▶ [What you have to do] In your reply, write out the records exactly, each line intact.

_ _ _ _

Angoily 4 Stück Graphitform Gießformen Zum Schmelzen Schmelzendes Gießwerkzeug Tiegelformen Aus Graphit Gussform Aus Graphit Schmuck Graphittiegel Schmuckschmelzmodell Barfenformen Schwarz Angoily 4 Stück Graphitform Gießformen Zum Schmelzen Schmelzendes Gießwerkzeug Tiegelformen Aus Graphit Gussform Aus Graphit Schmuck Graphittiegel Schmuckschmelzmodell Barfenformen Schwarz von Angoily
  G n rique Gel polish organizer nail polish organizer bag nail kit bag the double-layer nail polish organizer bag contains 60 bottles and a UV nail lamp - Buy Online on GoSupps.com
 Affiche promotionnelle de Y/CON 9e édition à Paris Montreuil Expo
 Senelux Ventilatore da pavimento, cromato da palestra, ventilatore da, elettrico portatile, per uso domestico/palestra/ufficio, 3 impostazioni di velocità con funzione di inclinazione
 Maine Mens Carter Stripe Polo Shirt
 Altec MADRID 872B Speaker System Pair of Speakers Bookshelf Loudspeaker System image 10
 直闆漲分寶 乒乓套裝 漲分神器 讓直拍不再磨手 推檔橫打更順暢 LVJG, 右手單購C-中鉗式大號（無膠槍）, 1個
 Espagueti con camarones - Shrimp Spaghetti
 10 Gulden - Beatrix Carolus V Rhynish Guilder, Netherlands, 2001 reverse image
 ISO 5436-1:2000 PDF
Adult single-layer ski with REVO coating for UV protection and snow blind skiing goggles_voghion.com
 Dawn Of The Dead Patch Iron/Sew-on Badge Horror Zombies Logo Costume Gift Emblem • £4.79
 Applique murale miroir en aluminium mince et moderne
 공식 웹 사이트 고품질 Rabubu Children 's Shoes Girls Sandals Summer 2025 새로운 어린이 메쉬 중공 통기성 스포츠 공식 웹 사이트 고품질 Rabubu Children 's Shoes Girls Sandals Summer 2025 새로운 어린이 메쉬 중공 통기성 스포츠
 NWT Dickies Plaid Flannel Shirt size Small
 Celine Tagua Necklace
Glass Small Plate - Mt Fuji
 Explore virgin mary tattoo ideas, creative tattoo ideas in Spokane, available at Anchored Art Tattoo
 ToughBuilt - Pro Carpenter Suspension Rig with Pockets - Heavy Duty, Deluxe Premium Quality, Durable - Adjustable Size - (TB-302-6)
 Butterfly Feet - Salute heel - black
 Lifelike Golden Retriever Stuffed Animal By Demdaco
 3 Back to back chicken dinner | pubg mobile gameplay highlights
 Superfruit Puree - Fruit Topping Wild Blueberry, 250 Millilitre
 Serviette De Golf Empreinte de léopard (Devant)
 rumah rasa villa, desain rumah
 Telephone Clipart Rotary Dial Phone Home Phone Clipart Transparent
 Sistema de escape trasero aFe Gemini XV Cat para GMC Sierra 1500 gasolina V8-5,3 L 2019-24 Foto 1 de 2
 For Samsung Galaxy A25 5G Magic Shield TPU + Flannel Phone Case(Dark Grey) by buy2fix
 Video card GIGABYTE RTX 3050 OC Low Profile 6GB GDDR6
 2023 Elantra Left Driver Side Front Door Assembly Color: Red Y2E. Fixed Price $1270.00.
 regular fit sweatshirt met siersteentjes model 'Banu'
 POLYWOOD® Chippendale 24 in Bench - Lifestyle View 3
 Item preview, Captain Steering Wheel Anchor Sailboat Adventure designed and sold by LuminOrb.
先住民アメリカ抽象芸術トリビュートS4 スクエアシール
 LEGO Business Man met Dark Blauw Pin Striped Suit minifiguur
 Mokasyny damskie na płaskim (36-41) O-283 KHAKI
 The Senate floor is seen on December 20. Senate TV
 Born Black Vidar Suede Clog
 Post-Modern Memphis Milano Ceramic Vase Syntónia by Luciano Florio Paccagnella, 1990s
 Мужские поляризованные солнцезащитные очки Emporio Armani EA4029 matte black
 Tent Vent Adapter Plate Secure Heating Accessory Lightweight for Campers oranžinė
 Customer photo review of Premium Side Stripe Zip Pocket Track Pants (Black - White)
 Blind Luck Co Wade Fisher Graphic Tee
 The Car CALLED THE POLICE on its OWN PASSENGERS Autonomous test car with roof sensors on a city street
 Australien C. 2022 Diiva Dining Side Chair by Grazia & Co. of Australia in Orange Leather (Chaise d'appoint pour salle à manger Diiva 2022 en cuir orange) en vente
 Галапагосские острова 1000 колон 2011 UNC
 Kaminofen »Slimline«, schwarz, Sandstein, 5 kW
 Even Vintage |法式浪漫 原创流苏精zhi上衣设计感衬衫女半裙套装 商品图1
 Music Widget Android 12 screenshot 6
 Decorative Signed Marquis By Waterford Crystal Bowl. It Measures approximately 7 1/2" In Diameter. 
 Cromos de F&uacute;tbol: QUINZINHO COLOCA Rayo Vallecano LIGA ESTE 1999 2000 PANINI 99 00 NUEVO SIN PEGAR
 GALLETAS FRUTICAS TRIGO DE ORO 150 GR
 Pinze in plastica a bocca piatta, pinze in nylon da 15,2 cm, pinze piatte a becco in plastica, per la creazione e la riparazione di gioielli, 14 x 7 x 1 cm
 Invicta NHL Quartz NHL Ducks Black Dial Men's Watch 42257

_ _ _ _

▶ [Finished exercise]
Angoily 4 Stück Graphitform Gießformen Zum Schmelzen Schmelzendes Gießwerkzeug Tiegelformen Aus Graphit Gussform Aus Graphit Schmuck Graphittiegel Schmuckschmelzmodell Barfenformen Schwarz Angoily 4 Stück Graphitform Gießformen Zum Schmelzen Schmelzendes Gießwerkzeug Tiegelformen Aus Graphit Gussform Aus Graphit Schmuck Graphittiegel Schmuckschmelzmodell Barfenformen Schwarz von Angoily
  G n rique Gel polish organizer nail polish organizer bag nail kit bag the double-layer nail polish organizer bag contains 60 bottles and a UV nail lamp - Buy Online on GoSupps.com
 Affiche promotionnelle de Y/CON 9e édition à Paris Montreuil Expo
 Senelux Ventilatore da pavimento, cromato da palestra, ventilatore da, elettrico portatile, per uso domestico/palestra/ufficio, 3 impostazioni di velocità con funzione di inclinazione
 Maine Mens Carter Stripe Polo Shirt
 Altec MADRID 872B Speaker System Pair of Speakers Bookshelf Loudspeaker System image 10
 直闆漲分寶 乒乓套裝 漲分神器 讓直拍不再磨手 推檔橫打更順暢 LVJG, 右手單購C-中鉗式大號（無膠槍）, 1個
 Espagueti con camarones - Shrimp Spaghetti
 10 Gulden - Beatrix Carolus V Rhynish Guilder, Netherlands, 2001 reverse image
 ISO 5436-1:2000 PDF
Adult single-layer ski with REVO coating for UV protection and snow blind skiing goggles_voghion.com
 Dawn Of The Dead Patch Iron/Sew-on Badge Horror Zombies Logo Costume Gift Emblem • £4.79
 Applique murale miroir en aluminium mince et moderne
 공식 웹 사이트 고품질 Rabubu Children 's Shoes Girls Sandals Summer 2025 새로운 어린이 메쉬 중공 통기성 스포츠 공식 웹 사이트 고품질 Rabubu Children 's Shoes Girls Sandals Summer 2025 새로운 어린이 메쉬 중공 통기성 스포츠
 NWT Dickies Plaid Flannel Shirt size Small
 Celine Tagua Necklace
Glass Small Plate - Mt Fuji
 Explore virgin mary tattoo ideas, creative tattoo ideas in Spokane, available at Anchored Art Tattoo
 ToughBuilt - Pro Carpenter Suspension Rig with Pockets - Heavy Duty, Deluxe Premium Quality, Durable - Adjustable Size - (TB-302-6)
 Butterfly Feet - Salute heel - black
 Lifelike Golden Retriever Stuffed Animal By Demdaco
 3 Back to back chicken dinner | pubg mobile gameplay highlights
 Superfruit Puree - Fruit Topping Wild Blueberry, 250 Millilitre
 Serviette De Golf Empreinte de léopard (Devant)
 rumah rasa villa, desain rumah
 Telephone Clipart Rotary Dial Phone Home Phone Clipart Transparent
 Sistema de escape trasero aFe Gemini XV Cat para GMC Sierra 1500 gasolina V8-5,3 L 2019-24 Foto 1 de 2
 For Samsung Galaxy A25 5G Magic Shield TPU + Flannel Phone Case(Dark Grey) by buy2fix
 Video card GIGABYTE RTX 3050 OC Low Profile 6GB GDDR6
 2023 Elantra Left Driver Side Front Door Assembly Color: Red Y2E. Fixed Price $1270.00.
 regular fit sweatshirt met siersteentjes model 'Banu'
 POLYWOOD® Chippendale 24 in Bench - Lifestyle View 3
 Item preview, Captain Steering Wheel Anchor Sailboat Adventure designed and sold by LuminOrb.
先住民アメリカ抽象芸術トリビュートS4 スクエアシール
 LEGO Business Man met Dark Blauw Pin Striped Suit minifiguur
 Mokasyny damskie na płaskim (36-41) O-283 KHAKI
 The Senate floor is seen on December 20. Senate TV
 Born Black Vidar Suede Clog
 Post-Modern Memphis Milano Ceramic Vase Syntónia by Luciano Florio Paccagnella, 1990s
 Мужские поляризованные солнцезащитные очки Emporio Armani EA4029 matte black
 Tent Vent Adapter Plate Secure Heating Accessory Lightweight for Campers oranžinė
 Customer photo review of Premium Side Stripe Zip Pocket Track Pants (Black - White)
 Blind Luck Co Wade Fisher Graphic Tee
 The Car CALLED THE POLICE on its OWN PASSENGERS Autonomous test car with roof sensors on a city street
 Australien C. 2022 Diiva Dining Side Chair by Grazia & Co. of Australia in Orange Leather (Chaise d'appoint pour salle à manger Diiva 2022 en cuir orange) en vente
 Галапагосские острова 1000 колон 2011 UNC
 Kaminofen »Slimline«, schwarz, Sandstein, 5 kW
 Even Vintage |法式浪漫 原创流苏精zhi上衣设计感衬衫女半裙套装 商品图1
 Music Widget Android 12 screenshot 6
 Decorative Signed Marquis By Waterford Crystal Bowl. It Measures approximately 7 1/2" In Diameter. 
 Cromos de F&uacute;tbol: QUINZINHO COLOCA Rayo Vallecano LIGA ESTE 1999 2000 PANINI 99 00 NUEVO SIN PEGAR
 GALLETAS FRUTICAS TRIGO DE ORO 150 GR
 Pinze in plastica a bocca piatta, pinze in nylon da 15,2 cm, pinze piatte a becco in plastica, per la creazione e la riparazione di gioielli, 14 x 7 x 1 cm
 Invicta NHL Quartz NHL Ducks Black Dial Men's Watch 42257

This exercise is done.